Oil Outlook Remains Strong
This year has been eventful for the oil patch. Natural disasters, revolutions, terrorist attacks and political maneuvering kept oil bouncing around $100 per barrel and 3.8 percent higher on the year at the end of June. Despite the volatility and large number of external forces affecting oil prices, the International Energy Agency (IEA) said in its most recent Oil Market Report that “the bull run evident since autumn 2010 therefore looks in large part to be justified by supply and demand fundamentals.”
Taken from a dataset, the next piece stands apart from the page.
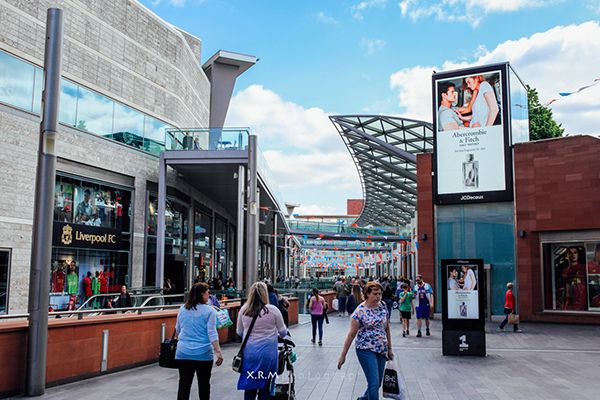 4大科技赋能足球，助力小球员身心脑体全面发展（四大科技加持足球，促小球员身心脑体全面成长）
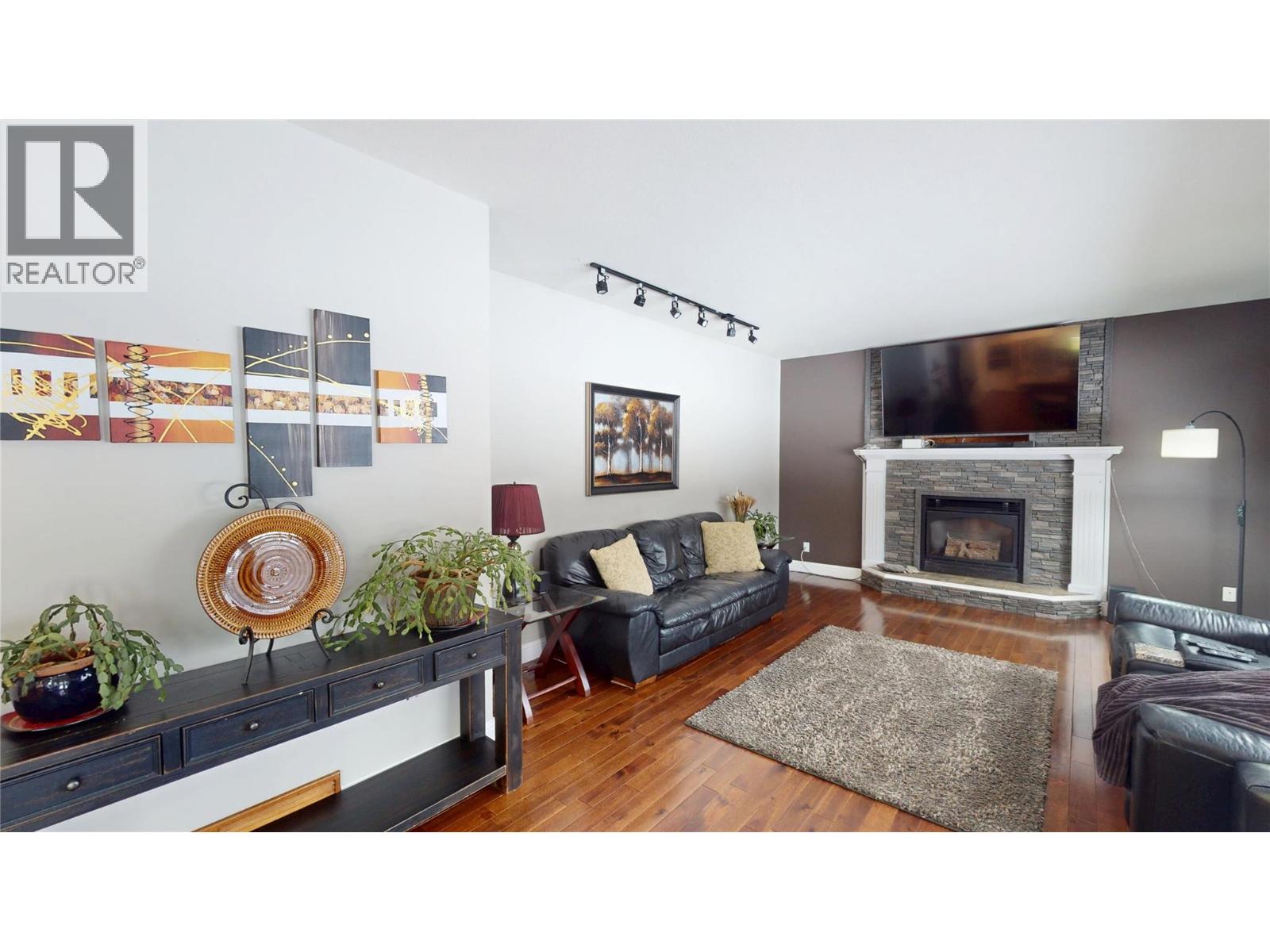 3320 5TH Street S, Cranbrook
Oil industry analyst PIRA estimates incremental demand will outpace supply by 1.1 million barrels per day on a year-over-year basis during the third quarter of 2011. The U.S. Energy Information Administration (EIA) says long-term supply/demand drivers indicate the market will remain tight for the foreseeable future as growing demand from emerging economies for liquid fuels and slowing non-OPEC supply growth “maintain upward pressure on oil prices.” The IEA forecasts oil prices to average $98 per barrel this year and $103 per barrel in 2012.
Oil Demand
The IEA forecasts the world will use 91 million barrels of oil per day in 2012, an increase of 1.5 million barrels per day. The IEA also revised its 2011 oil demand projections upward by 0.2 million barrels per day. Projecting outward to 2016, the IEA’s baseline scenario assumes a healthy 4.5 percent global GDP growth and an average oil price of $103 per barrel. With these assumptions, annual oil demand growth should average 1.2 millions barrels per day through 2016.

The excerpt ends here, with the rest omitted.